As I mentioned in my last post on the probable government shutdown, federal agencies and programs officially run out of discretionary funding in a few days, marking the start of fiscal year 2014. Talk about starting off on the right foot: as of October 1, budget authority appropriated for the previous fiscal year runs out.

Without a stopgap measure, all signs point to a complete government shutdown, the first since 1995 (despite the multiple threats since that time).

But how long will the government be out of business?

Veteran Washington budget wonk Stan Collender is predicting a shutdown of at least a week, largely because public ire will be needed to budge the budget battle lines drawn in the sand. Cue pitchforks and angry mob.

In the event of a government shutdown, House Republicans are overwhelmingly favored to take the brunt of the blame, as I discussed at Huffington Post, and for good reason—this tantrum is an irresponsible showcase of their disapproval for the Affordable Care Act with no chance of accomplishing any stated objective.

When private contractors and companies doing business with the federal government stop seeing invoices processed, they will take note. The same goes for national parks abruptly closing, government employees getting furloughed, and so on. As a result, their Representatives will hear about it, and then some.

Many on the right, however, are not convinced a shutdown is even possible. “Let’s put it this way,” Sen. Orrin Hatch, R-Utah, told CNN. “I’m not about to shut down the government and have Republicans take the blame for it. It’s just that simple.”

A government shutdown is an untenable situation, much less so for the party being blamed for it. House Republican leadership will have to budge, something they clearly aren’t accustomed to doing.

Roughly forty Tea Party House Republicans effectively vote “no” to everything. In fact, they have been dubbed the “No On Everything” caucus by vexed former House Republican Steven LaTourette.
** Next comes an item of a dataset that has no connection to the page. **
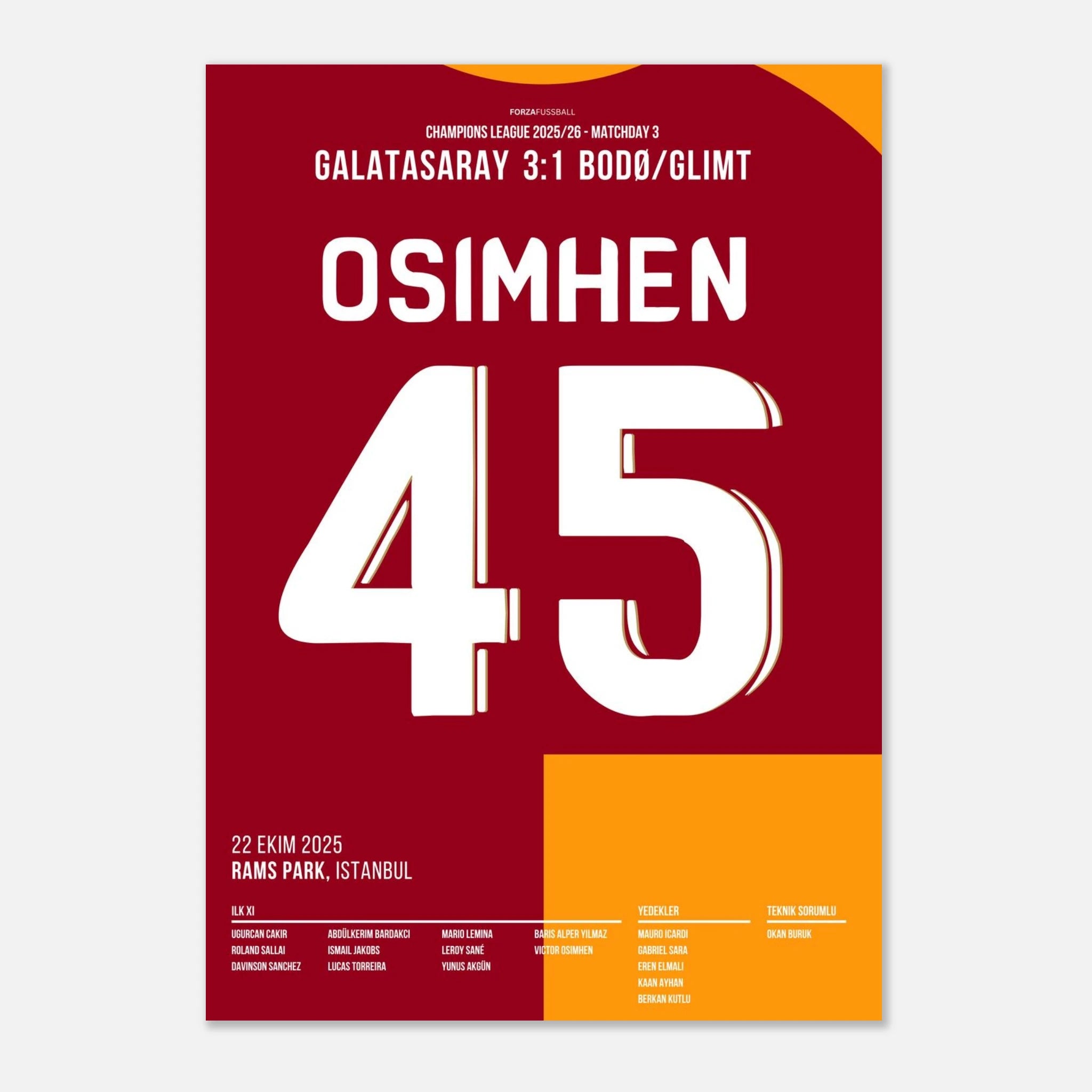 787d0e6c-016b-43b1-a982-6e86c44fef11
The Washington Post has done an analysis of seven major votes in which the “No On Everything” caucus acted, naturally, in the negative.

If this trend holds during the climax of an ideologically-driven clash over the ACA, effectively keeping an additional 30+ million people from receiving health insurance, Speaker John Boehner will have to rely on votes from House Democrats to reopen the government.

Probably a lot of votes from House Democrats.